### TASK REQUIREMENTS
Exclude the pictures and set down, unaltered, the lines from the one that holds "Restoran Sambal Hejo" through the end of the data.

*** DATA SECTION

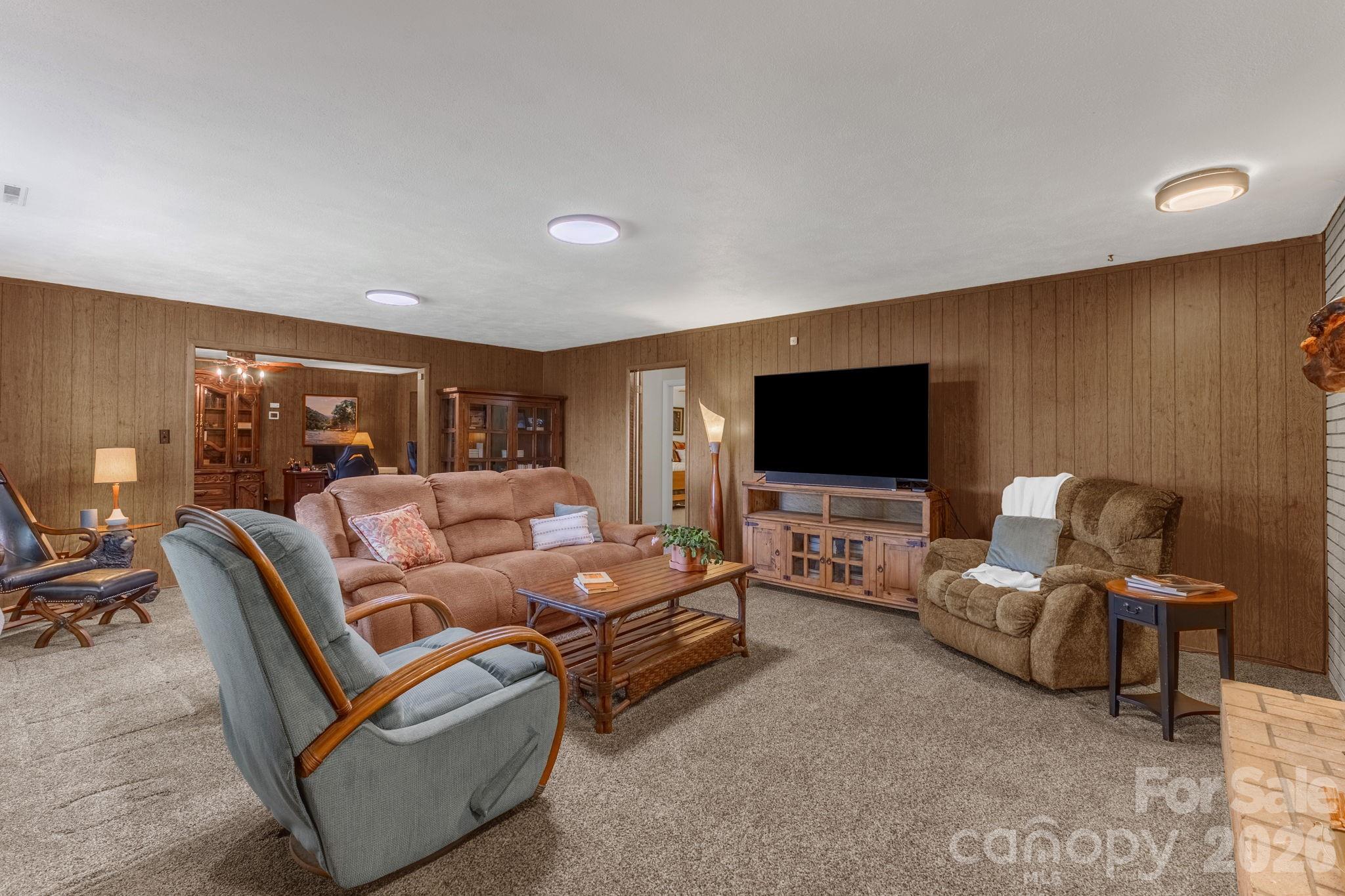 Camp Branch Acres - Residential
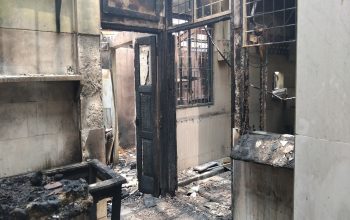 Restoran Sambal Hejo di Bekasi Terbakar Akibat Mobil Penyuplai Gas Bocor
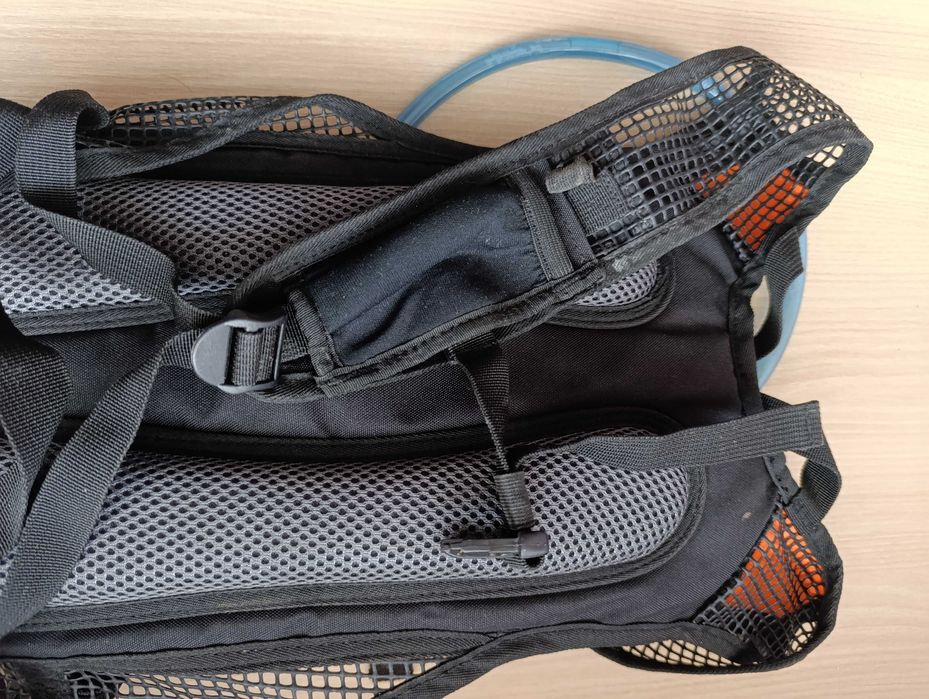 Хидратираща раница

******

### TASK RESULT
 Restoran Sambal Hejo di Bekasi Terbakar Akibat Mobil Penyuplai Gas Bocor
 Хидратираща раница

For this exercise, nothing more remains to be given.